I pretty much believed in karma at the time. Back then I also considered that my guru might be able to manipulate karma in a godlike fashion. So on that stump I talked to him: “Master, I want to give my good karma to my mother. Whatever you can do for her, please do, even if it means that my journey to god-realization takes a significant detour.”

At the time I knew that I might be talking to myself. Now I’m almost sure of it. Yet I still cling to this myth.

Even today, before I meditate I often recollect standing by my mother’s bedside and holding her hand as she, comatose, died after being taken off of life support (her brain was gone, and my sister and I were more than willing to respect my mother’s wishes not to be kept alive artificially in such a circumstance).

At the time I silently wished her soul, Godspeed.

And now, I enjoy imagining that by letting go of my own thoughts, emotions, and other attachments in meditation, I’m helping to propel my mother across some sort of cosmic Truth Portal that she has found her way to, but can’t enter without a last push of good karma from her son.

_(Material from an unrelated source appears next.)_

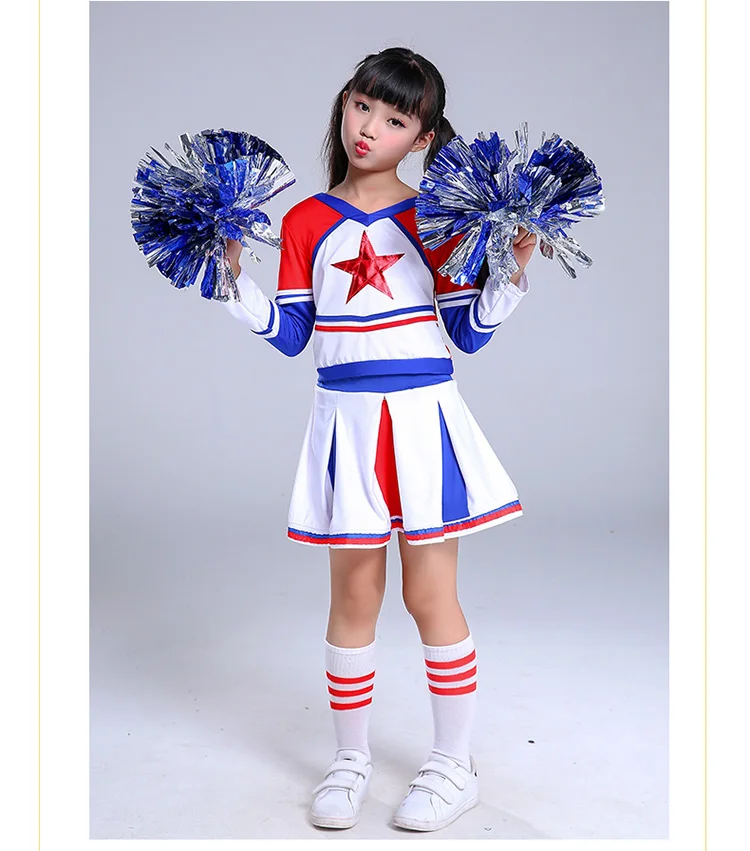 Uniforme de pom-pom Girl pour filles, Costumes de danse de rue pour enfants, costume de sport pour enfants, compétition de scène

I know, this sounds crazy. And it is. I recognize that myself. However, this myth serves a purpose for me in a way I can’t even explain to myself, much less to other people. Like everybody’s relation to their parents, mine is so deeply personal it’s barely communicable.

Yet this deeply personal myth of mine still could become the core of a shared mythology under the right circumstances. Provide me with an eloquent gift of gab plus a gullible audience, and you might see the seed of a new form of ancestor worship begin to sprout.

In short, a religion. One which could come to believe that it actually is possible to affect the afterlife of a deceased relative by bestowing your good karma upon them, and that it’s the divine duty of everyone to do just that.

God forbid that such should ever happen. I’ve no interest in spreading my personal mythologies beyond the interior of my own mind.

I realize that my fantasy is, as Cornwell argues, a subjective art form that has nothing to do with external objective reality – and that the only critic whose opinion counts to me is myself.